Saya menanggapi pandangan pembicara seakan pers kebal hukum. “ Kami tidak mungkin berbohong, soalnya ancaman yang kami hadapi 4 tahun penjara kalau membuat fitnah. Sedangkan Tempo cukup datang kepada Dewan Pers untuk minta maaf, selesai persoalan,” kata Eko Khuntadi. Tentu saja itu keliru. Pers bukan tidak bisa dihukum. Ada UU yang mengatur mekanisme pengajuan keberatan kepada pers. Pertama, layangkan hak jawab kepada media, seperti yang dilakukan oleh Presiden SBY dulu.Tak cukup? Bisa lanjut ke Dewan Pers. Tak puas di sini, bisa diteruskan kepada proses hukum.

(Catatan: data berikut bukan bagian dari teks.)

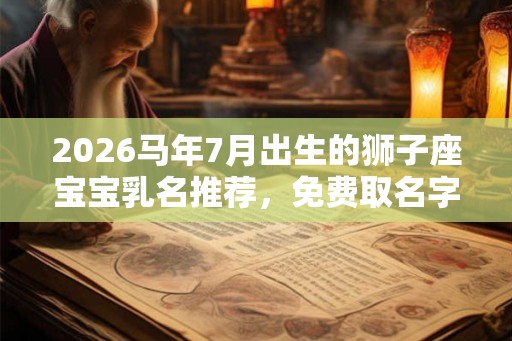 2026马年7月出生的狮子座宝宝乳名推荐，免费取名字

“Saya kalau menyatakan mendukung kepada pemerintah, dimana salahnya? ,” tanya Eko. Memang tidak salah menyatakan dukungan kepada pemerintah melalui media manapun. Pers juga tidak lantas melanggar apapun kalau terus mengkritisi pemerintah. Itulah bagian dari warisan tokoh pers pendahulu kita. Kata PK Oyong, pendiri Kompas, wartawan bukanlah para pengabdi dan penjilat kekuasaan.
Ada pun Teddy Gusnadi sempat nyecar Budi untuk membuka sumber informasi Tempo sehingga mengambil kesimpulan ada “Buzzer Istana”
Ini jelas mustahil. Perkara sumber berita itu diatur dalam kode etik jurnalistik. Sampai mati pun tidak akan mungkin dibuka. Selain diatur oleh kode etik, UU pun memberi jaminan terhadap hak tolak itu. Artinya di pengadilan saja pun, wartawan dapat menggunakan hak tolak.
Bukan hanya Teddy, bahkan Ngabalin pun tampaknya tidak tahu, wartawan bekerja dengan berpegangg pada kode etik jurnalistik. Itulah konsep operasional moral wartawan. Menyalahi itu tamatlah riwayat wartawan. Sebab itu menjadi martabatnya. Melanggar kode etik jurnalistik bagi media seperti Tempo itu sama dengan bunuh diri. Lebih berat dibandingkan melanggar hukum.
Memang tidak ada pembicara segarang Ali Mochtar Ngabalin mempersoalkan Tempo malam itu. Secara terbuka dia menyerang Tempo dengan kata-kata amat kasar untuk dilakukan pejabat negara seperti dia. Pakai cara intimidasi dan kata terkutuk segala untuk Tempo. Karni Ilyas berkali- kali menegurnya. Tapi tak mempan.
Berulangkali dia menyatakan dirinya sebagai “ abdi dalam” Presiden Jokowi dan oleh karena sangat terluka “junjungannya” ditampilkan dalam cover Pinokio.
Saya sebenarnya tak cuma kenal tetapi cukup bersahabat dengan Ngabalin. Saya menyayangkan cara dia kayak banteng terluka menyampaikan keberatan. Seperti menutup mata terhadap aturan berurusan dengan media. Mestinya text lawan text, bukan text dilawan intimidasi dan kutukan.
Budi menginformasi pernyataan saya. Sampai malam itu, belum ada surat pernyataan keberatan dari pihak Istana soal cover Tempo tersebut. Tapi ini juga tak dihiraukan Ngabalin. “ Buat apa lagi, orang sudah babak belur, kok, “ sahut dia.